# Problem details
Leave the pictures in the listing below aside and reproduce exactly the lines starting with the one with "茄子这做法孩子三天两头要吃，一大盘吃不够的美味，简单家常" and going on through the one with "Гольф 3 купе", both ends included.

━━ Records shown ━━

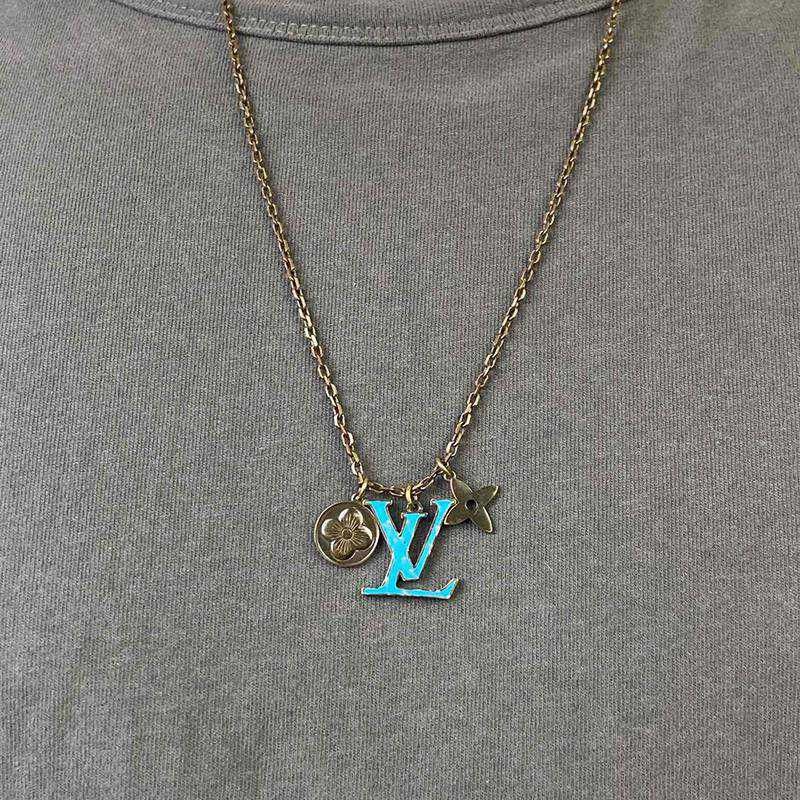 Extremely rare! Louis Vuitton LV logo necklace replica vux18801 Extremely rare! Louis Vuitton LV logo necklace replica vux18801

━━━
━━ Records shown ━━

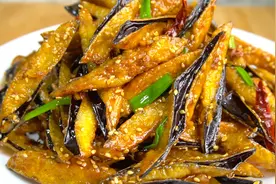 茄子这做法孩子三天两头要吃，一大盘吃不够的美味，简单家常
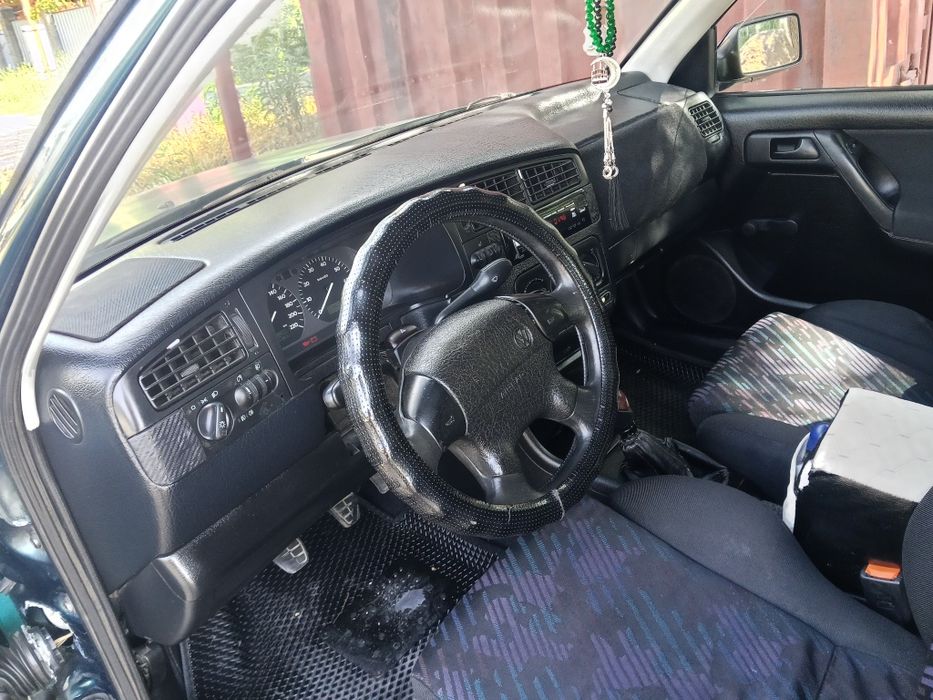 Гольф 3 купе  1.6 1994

━━━

# Answer for the task
 茄子这做法孩子三天两头要吃，一大盘吃不够的美味，简单家常
 Гольф 3 купе  1.6 1994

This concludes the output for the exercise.